Jesús es el buen pastor que cuida su rebaño. Da la vida por ellas. Le importan los suyos. Les ha abierto su corazón. Les ha dejado ver su herida. Están en su intimidad. Sufre por los suyos.
Mi vida está en sus manos. No quiere que me instale en mi comodidad. Desea que le entregue lo que tengo sin querer apropiármelo como mío. Quiere que aprenda a amar donde Él me pone.
Me conmueve su amor que me busca, que baja de la cruz para acercarse. Ese amor que no se olvida de mi dolor.
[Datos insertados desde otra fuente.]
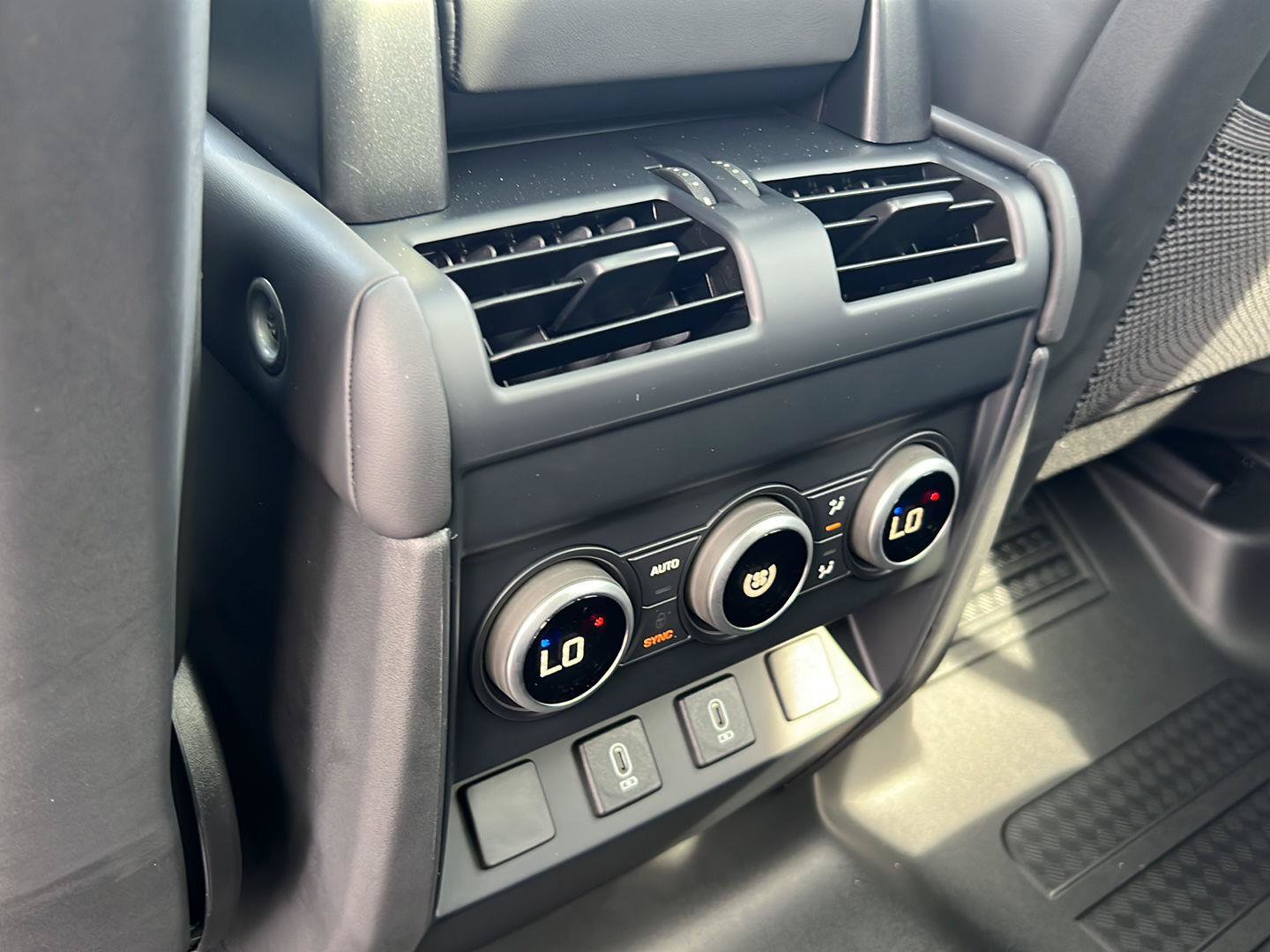 New 2026 Land Rover Defender 110 X-Dynamic SE AWD/4WD image 29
Que sufre y ríe conmigo. Ese amor que es su abrazo que me espera.
Nos resistimos a esa muerte que abre la puerta verdadera. La que nos muestra un horizonte en el que somos lo que estamos llamados a ser. ¿A qué queremos morir para que brote la vida?
Jesús entrega su vida. Nos amó hasta el extremo.
Queremos creer en nuestro futuro. Confiar en nuestras fuerzas. Perdonarnos y volver a comenzar. Creer en la belleza de nuestra vida. Vivir agradecidos, no exigiendo que nos amen.
Me sostiene Él que me ama con locura. Me alienta Él que conoce mis sufrimientos. Él mismo los ha sufrido. Me levanta cuando caigo y me dice que basta con vivir con Él, a su lado.